Konuyla ilgili konuşan Antalya Uluslararası Gençlik Kültür ve Sanat Derneği Başkanı Süleyman Güzel, sanat camiasında yaşanan sessizliğin arkasında sistematik bir korku iklimi olduğunu ifade etti. Sanatın görevi topluma tek bir düşünceyi dayatmak olmadığını dile getiren Güzel, baskı ortamına rağmen özellikle genç sanatçıların üretmeyi cesaret eylemine dönüştürdüğünü vurguladı.
“AHLAK KAVRAMI BUGÜN POLİTİK BİR SOPA HALİNE GETİRİLDİ”

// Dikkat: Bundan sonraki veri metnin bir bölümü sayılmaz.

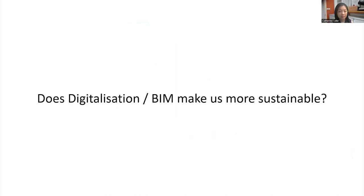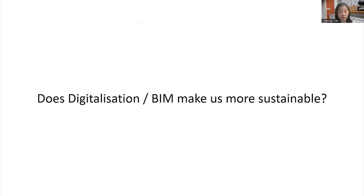We hear a lot about digitalization and BIM and how it can make us more sustainable — but can it really? I'm not going to answer that right now; maybe it can be a topic for discussion during the Q&A. But I want to highlight another traditional timber roof to consider whether we really need all these fancy gadgets — what actually makes us sustainable?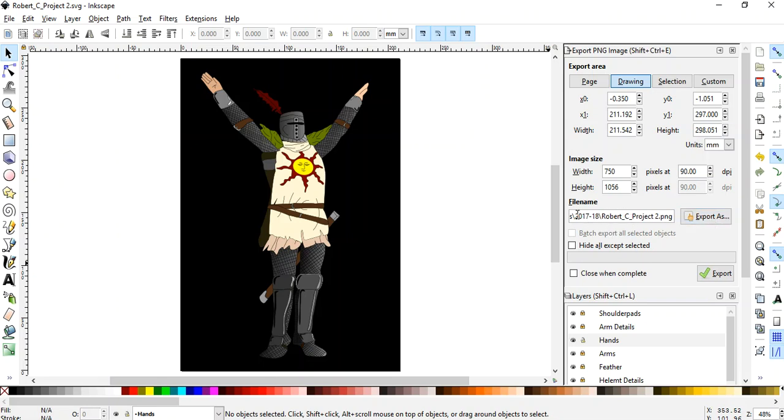It's going to save it to the exact same place. It's going to give it the exact same name except for instead of having a .svg at the end, it has a .png for PNG.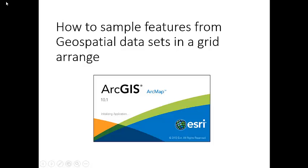Hi everybody, today we're going to see how to sample filters from your spatial datasets in a grid range. We're going to do this using ArcMap.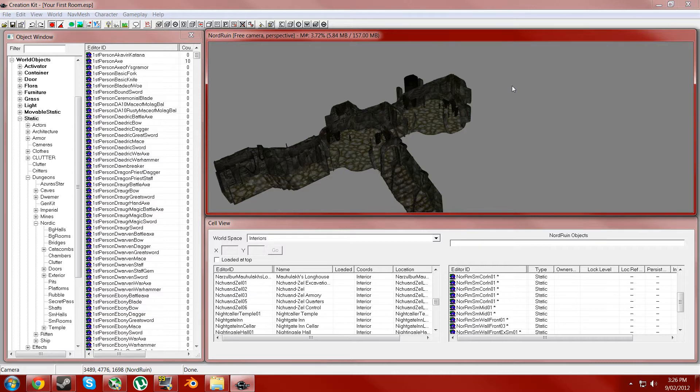Then there's loot, so weapons, armor, books, potions and ingredients. And then containers, furniture and doors and everything. So containers, stuff like barrels and chests.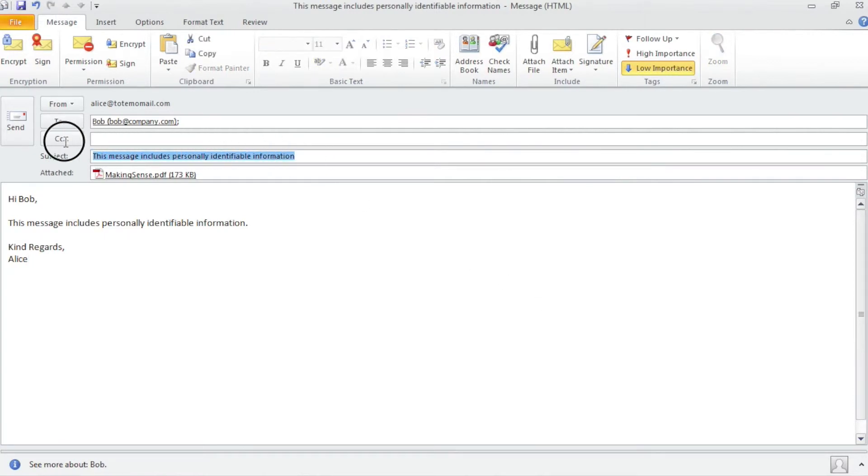Of course, the encryption process can also be triggered by using keywords in the subject line or in the body of the email.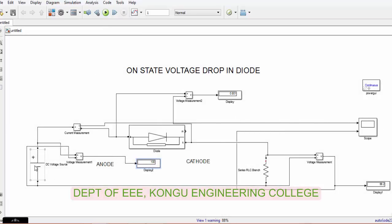Here you can see that the voltage from the source is 100 volts and the voltage across the load is 99.2 volts. What happened to the remaining 0.8 volts? It is lost — it is lost across the diode. The on-state voltage drop, or the voltage lost across the diode, is 0.8 volt.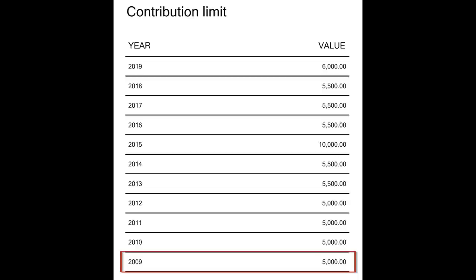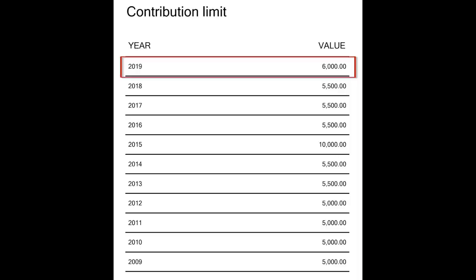Here's a grid on screen of the TFSA contribution limits. The TFSA was brought about in 2009 and the annual limit at that time was $5,000. It stayed at $5,000 from 2009 to 2012, then in 2013 they raised the limit to $5,500 — simply to keep up with inflation. We saw this happen again in 2019, where they raised it up to $6,000. Also note that in 2015, they did raise the limit up to $10,000, but then dropped it back down the very next year.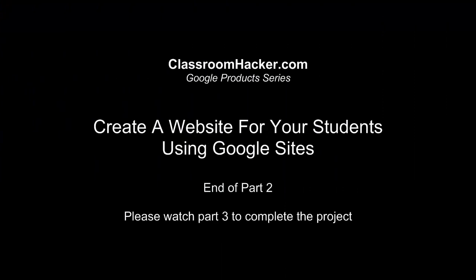Well that ends part two of this video. I apologize for the abruptness. Please watch video three to complete the project. I'll begin right where I left off.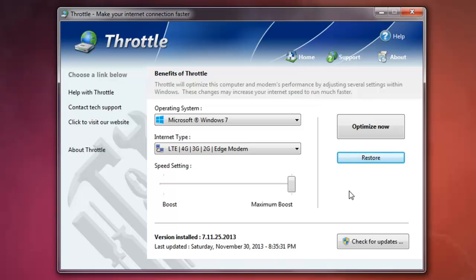For me, it doesn't matter. It really gives me a better internet connection.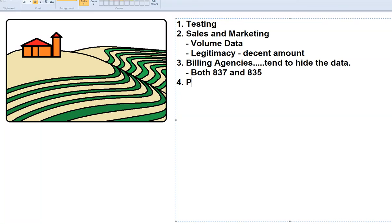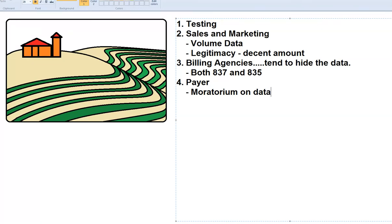The fourth reason why data is so critical is around the payer group. They pretty much have a moratorium on data — you can't get it. It's almost like prohibition; you're not going to get any data. They lock it up with all kinds of contracts. These are all reasons why synthetic data is critical.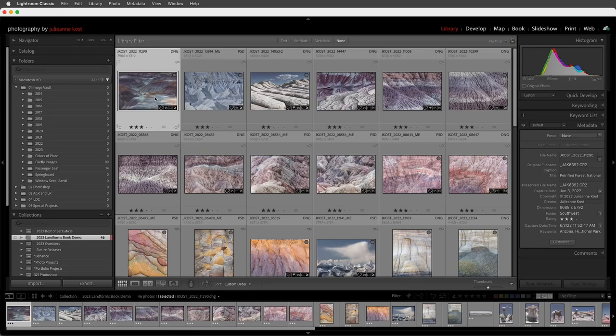Hi and welcome. I'm Julianne Kost and in this video we're going to learn everything we need to know in order to create a custom book in Lightroom Classic.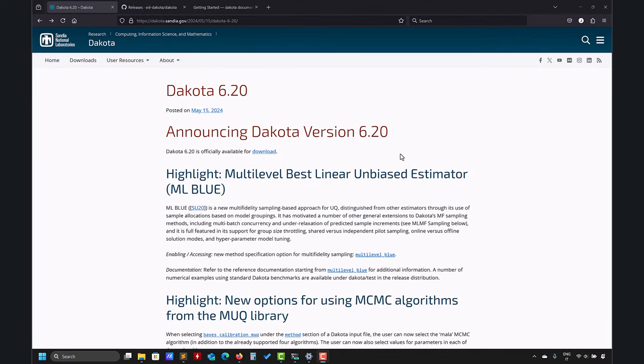Hi there and welcome to this video where I'm going to show you how to install Dakota version 6.20. It's a relatively new release, well not so new maybe in May 2015, but I received a few requests on how to install.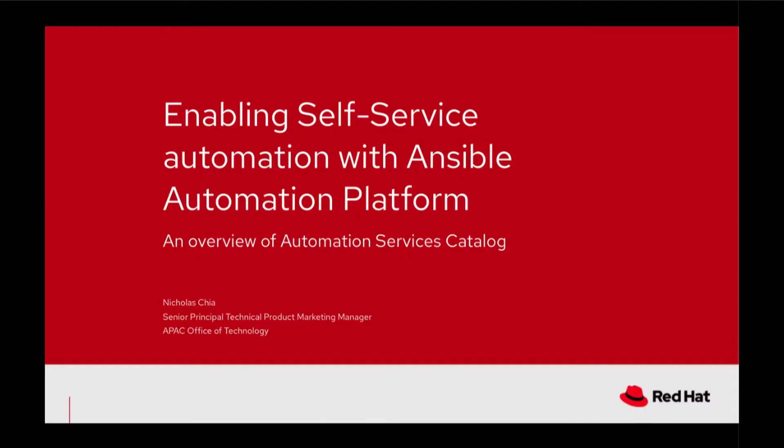Hi, welcome to my session Enabling Self-Service Automation with Ansible Automation Platform. I'm going to give you an overview of the Ansible Automation Services Catalogue today.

Sanatçılara yönelik baskı, “ahlak” bahanesiyle meşrulaştırılan politik bir sansür mü? sorusuna yanıt veren Güzel, konuşmasında şu sözlere yer verdi:
“Ne yazık ki evet. “Ahlak” kavramı bugün politik bir sopa haline getirildi. Oysa gerçek ahlak, özgürlüğü korumaktır; yasak koymak değil. Sanatı “ahlak” kisvesiyle denetlemek, topluma tek bir duyguyu, tek bir düşünceyi dayatmaktır. Oysa sanatın görevi tam tersine, çeşitliliği savunmaktır.”
KORKU SİSTEMATİK HALE GETİRİLDİ
Gözaltılar ve yasaklar karşısında sanat camiası neden suskun kaldığını dile getiren Güzel, “Çünkü korku sistematik hale getirildi. Ama suskunluk, kabul değildir. Sanat camiası yeniden dayanışmayı, ortak vicdanı ve birlikte üretmeyi hatırlamak zorunda. Sanatçı yalnız kaldığında, sesinin yankısı azalır. Oysa biz birlikte konuştuğumuzda, kelimeler özgürlüğe dönüşür” dedi.
“GENÇ SANATÇILARI ARTIK KORKMUYOR”
Genç kuşak sanatçılar bu atmosferde üretmeyi bir cesaret eylemine dönüştürdüğünü söyleyen Güzel, “Bugünün genç sanatçıları artık korkmuyor. Onlar için üretmek, bir meslek değil bir direniş biçimi. Sansüre karşı bir söz, yasaklara karşı bir melodi, baskıya karşı bir sahne kuruyorlar. Bu kuşak, umudu yeniden sahneye taşıyor. Onların enerjisi, bu ülkenin yarınlarına tutulan bir ışık” diye konuştu.
SANATIN ÜZERİNDEKİ BASKI NE ZAMAN BİTECEK?
Sanatın üzerindeki bu baskıların geçici bir dönem mi yoksa yeni normal mi sorusunu yanıtlayan Güzel, “Bu dönemin kalıcı olup olmayacağı, bizim direncimize bağlı. Eğer susarsak, bu baskı “yeni normal” olur. Ama konuşur, üretir, paylaşır, direnmeye devam edersek; bu karanlık sadece tarihin kısa bir parantezi olarak kalır. Sanat, tarih boyunca hep küllerinden doğmuştur. Bugün de öyle olacak. Çünkü biz, üretmeyi varoluş biçimi olarak seçtik” diyerek sözlerine son verdi.